Durant notre scolarité, nous avons tous rencontré de bons et de mauvais pédagogues, indépendamment de la matière enseignée. Nous avons également tous croisé des enseignants ou formateurs dont l’expertise et l’attitude ont été déterminantes, même si nous ne nous en rendons pas toujours compte immédiatement.

C’est l’un des plaisirs immédiats de l’enseignement : l’interaction directe avec son auditoire à travers l’objet de la transmission, quand on sent que les notions sont comprises intimement et mises en œuvre sur le champ. C’est évidemment moins le cas pour nos collègues qui partagent leurs connaissances techniques et esthétiques via internet, où les retours ne sont pas rares mais pas systématiques, et dans tous les cas différés.
Peut-être qu’entrer en contact avec le goût d’enseigner donne le goût d’apprendre, et pour certain.e.s d’entre nous le goût de transmettre à notre tour. Le cadre propice se présente alors le moment venu… Gardons en tête que notre métier se passe essentiellement sur des plateaux et derrière un œilleton.

Un mot sur l’apprentissage en autodidacte, sujet que je connais bien : être autodidacte peut résulter d’un choix ou d’une situation, notamment si intégrer un cursus très sélectif ou coûteux n’a pas été envisageable, ou encore lors d’une réorientation professionnelle.

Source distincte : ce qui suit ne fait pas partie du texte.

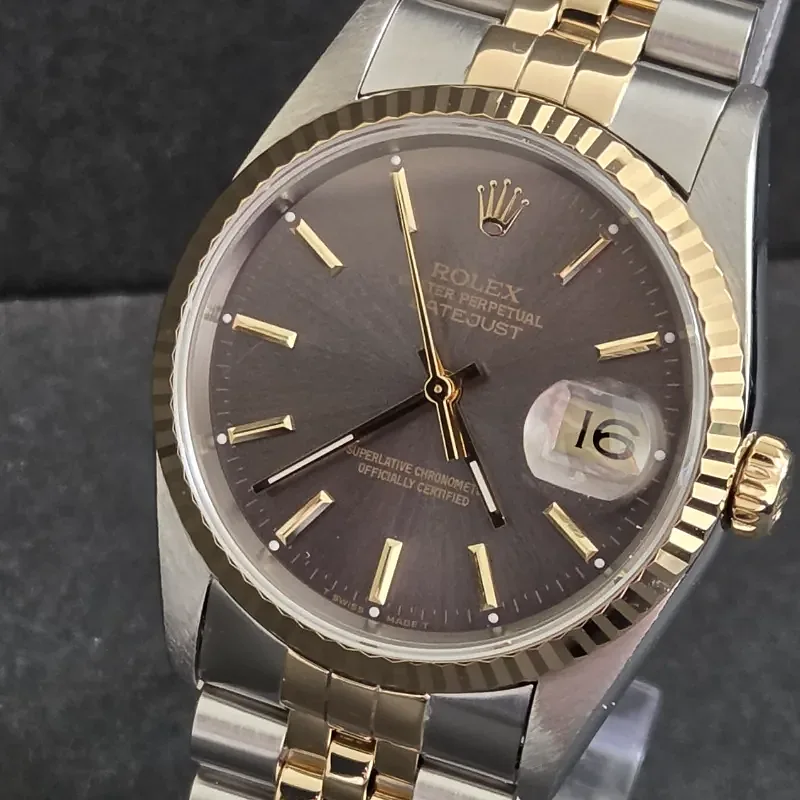 Rolex DateJust 36mm ref. 16233, grey with gold baton hour markers - additional view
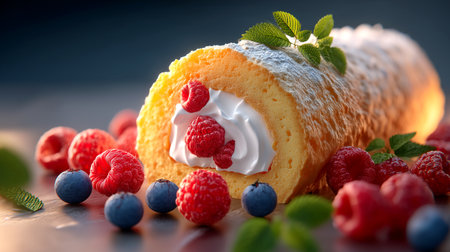 Savor this exquisite Swiss roll, beautifully decorated with vibrant raspberries and blueberries, perfect for any special occasion or a sweet indulgence.の素材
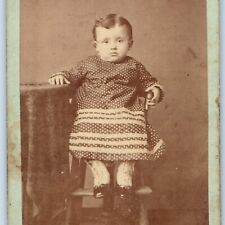 c1870s Cute Little Baby Polka Dot Dress CdV Photo Card Boy Girl High Chair H17 picture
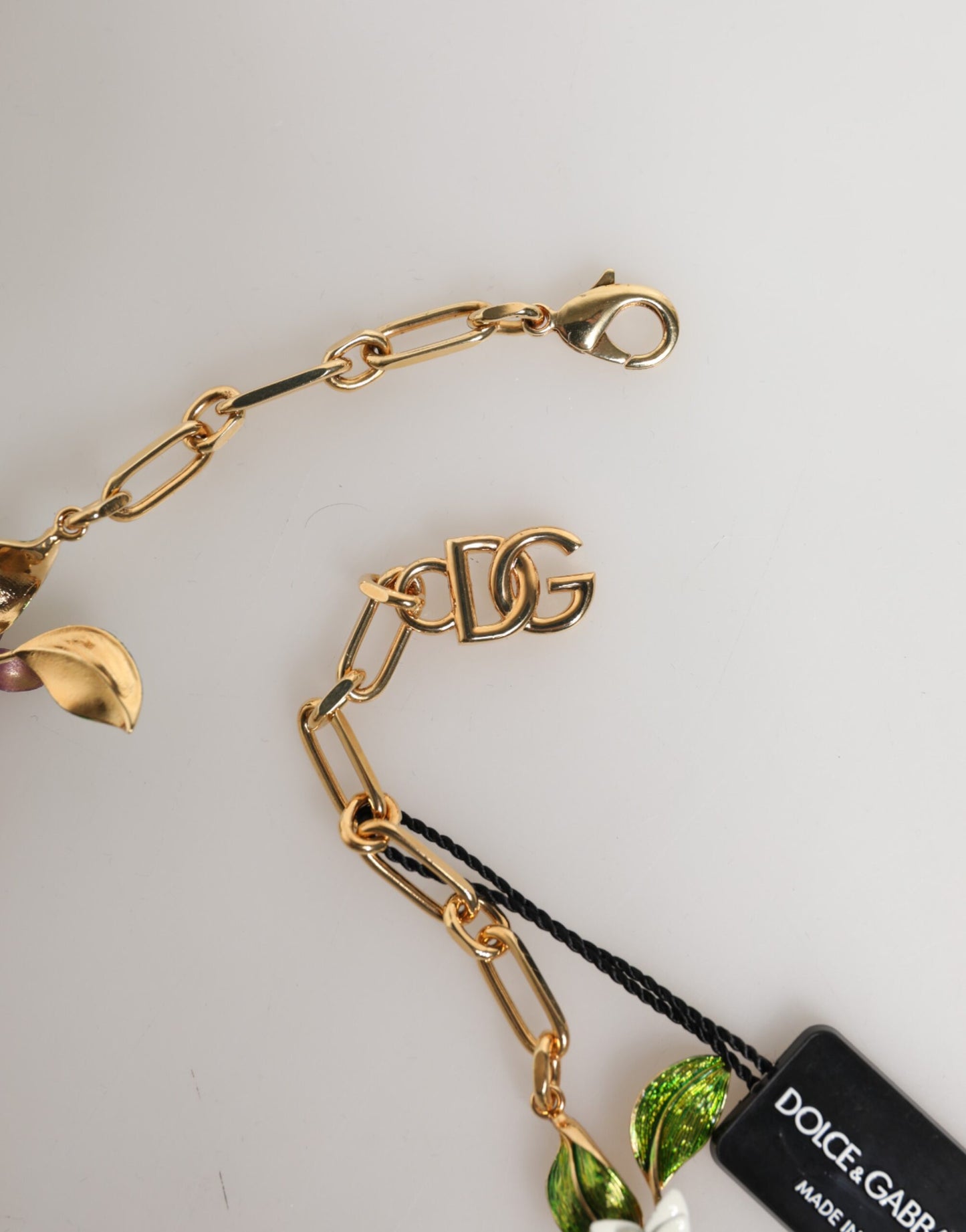 Dolce & Gabbana Gold Brass Logo Detail Floral Fashion Jewelry Necklace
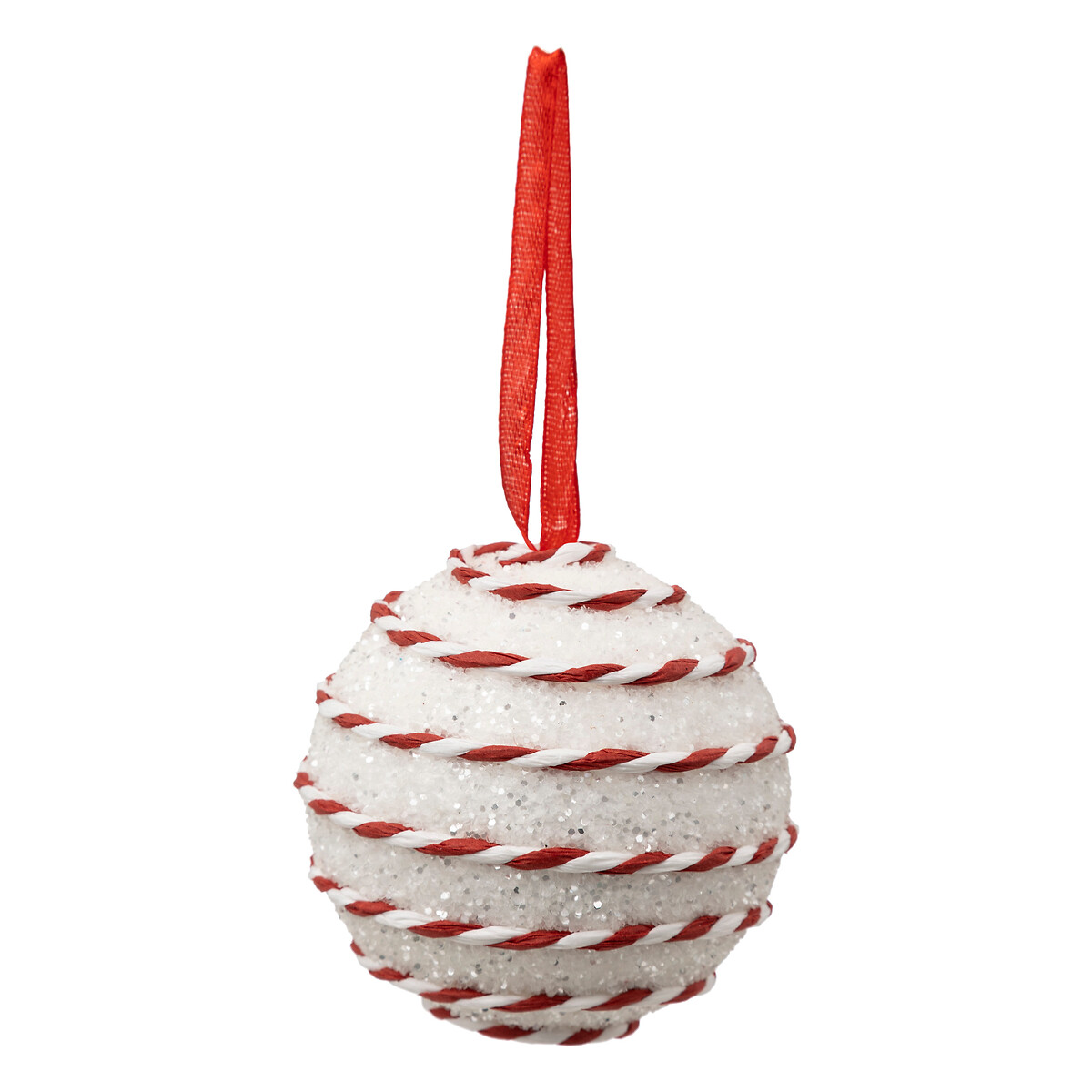Pendurante bola branca com cordão vermelho 8cm by hôma, photo 1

Cela demande alors de mobiliser toutes ses ressources et son énergie pour transformer chaque expérience en leçon, pour apprendre et, surtout, évoluer. Notre secteur professionnel regorge de ces individus formés par leur propre détermination et le hasard des heureuses rencontres.

Formation continue

La majorité des personnes interrogées continuent de se former dans notre secteur professionnel, sur le matériel principalement mais aussi à des outils de post-production, et dans une moindre mesure à d’autres métiers de notre secteur: réalisation, montage, scénario…

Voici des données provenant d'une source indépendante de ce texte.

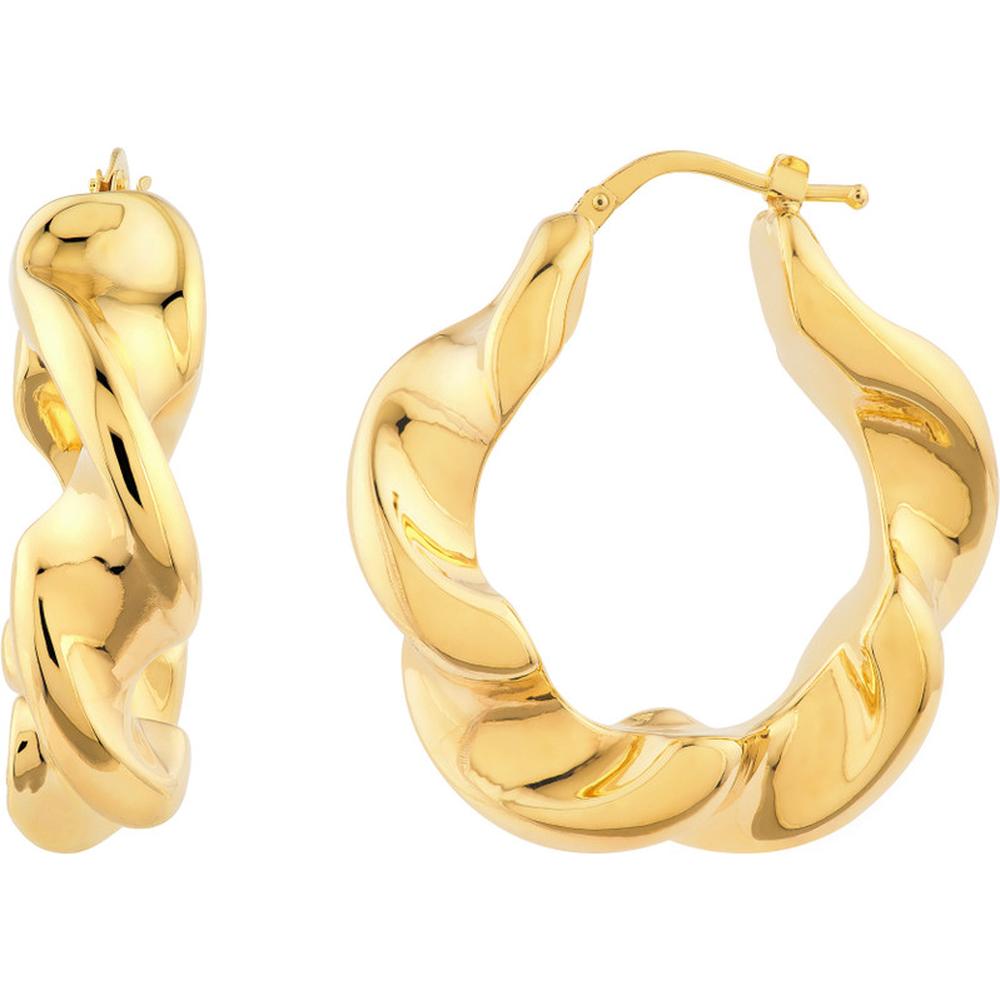 Olas d'Oro - 14K Yellow Gold Wide Twist Puff Hoop Earrings - 6.30 Grams Total Weight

Il est difficile de déterminer si les formateurs se forment davantage que leurs homologues non formateurs. Cependant, on peut supposer qu’ils sont informés des dispositifs de formation professionnelle, car nombre d’établissements d’enseignement initial où ils interviennent étendent leur offre destinée aux professionnels actifs.

Au-delà de l’acquisition de nouvelles techniques ou de la familiarisation avec de nouveaux outils, le temps de formation est également un moment d’introspection. Parfois, le désir de se former découle d’une prise de conscience personnelle ou d’une période de stagnation professionnelle. C’est aussi une opportunité pour des rencontres professionnelles en dehors d’un cadre de « travail » traditionnel.

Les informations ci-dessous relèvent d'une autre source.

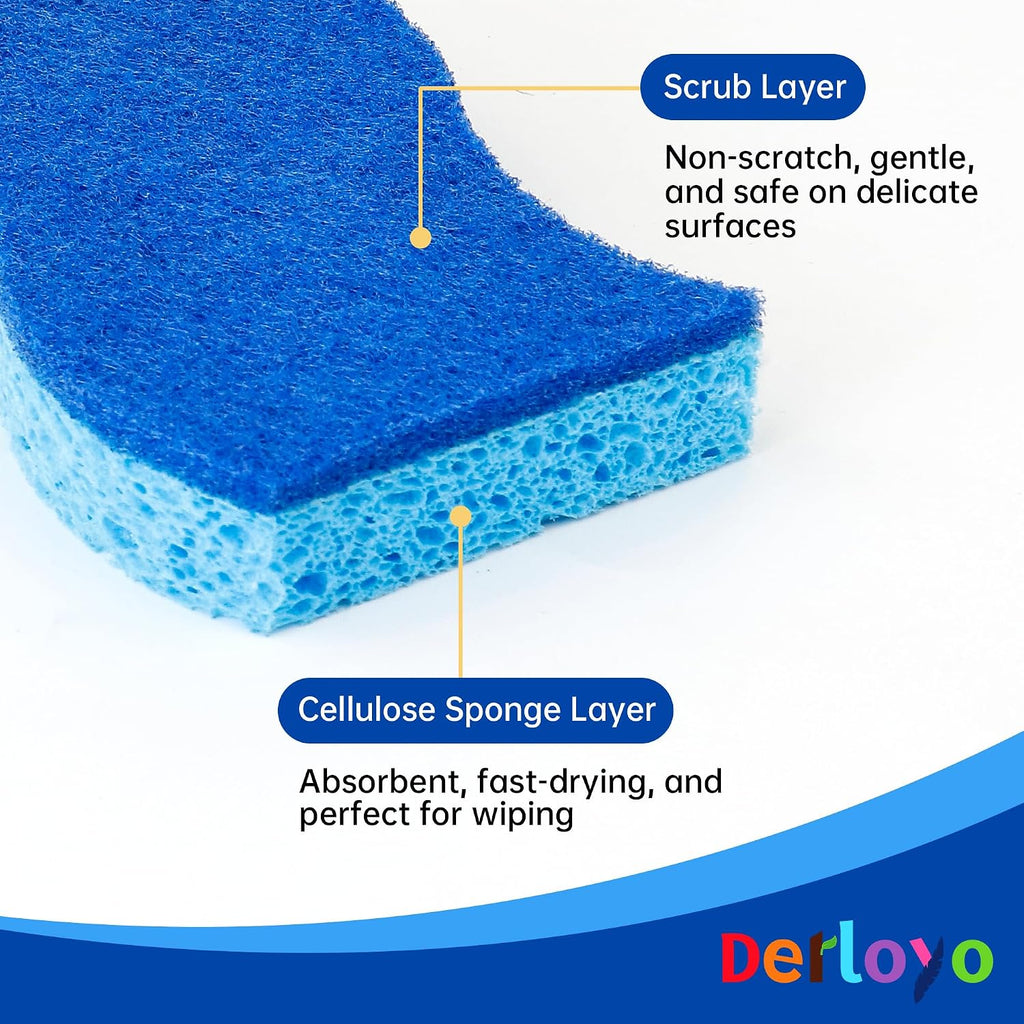 Non Scratch Scrub Sponge-12 Count, Sponges for Dishes, Blue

Je souhaiterais rappeler ici que la formation continue est un droit et que chaque salarié.e peut en bénéficier.

Interactions

Lors des cours, des TP, des stages, les étudiants et stagiaires viennent avec leurs expériences, leurs pratiques, leurs sensibilités, leurs désirs. Les écouter me semble toujours un moment précieux, qui permet de faire connaissance avec des personnalités, en devenir ou déjà bien affirmées. Il y a parfois un peu d’appréhension, mais aussi de l’enthousiasme, de la liberté, de la fraîcheur dans la façon d’aborder les problématiques techniques et artistiques.
Sur ce point, la formation continue a cela de particulier qu’elle peut nous mettre en contact avec des professionnels confirmés, dont le regard est la plupart du temps déjà aguerri, ce qui ouvre de nouveaux horizons.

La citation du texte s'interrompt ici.